The creation of new combinations of atoms to make unnatural materials is indeed a profoundly transformative technology with the potential to turn human societies upside down. The trouble is that this transformation began about 6000 years ago, with the discovery of copper smelting. The following millenia have seen rather a lot of the alteration and privatisation of nature as the crafts of metallurgy and alchemy have slowly turned into chemistry and materials science. There’s been a lot of thought, too, over the years, about what this means for the relationship between man and nature; a recent book, Promethean Fire by William Newman, gives a fascinating account of the reaction of philosophers and churchmen to the medieval alchemists.

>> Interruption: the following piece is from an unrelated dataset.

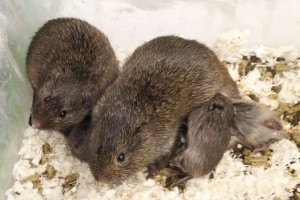 Prairie voles - parents and pups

If there is nothing fundamentally new or different about nanomaterials, does this mean that the fuss about nanotechnology is all about nothing? No, and here I disagree with those eminent scientists (mostly, as it happens, chemists) who say about nanotechnology “it’s just chemistry”. The transformative consequences of nanotechnology will come, not from simple nanomaterials, but from devices that manipulate energy, information or other matter on the nanoscale. Some of the effects of these nanotechnologies will be very positive, others, potentially, less so. But in debating these issues we need to have some awareness of how the history of technology has got us to where we are today, and we need to resist the temptation to slide lazily into the sort of prepackaged sets of beliefs that angels seem to come equipped with.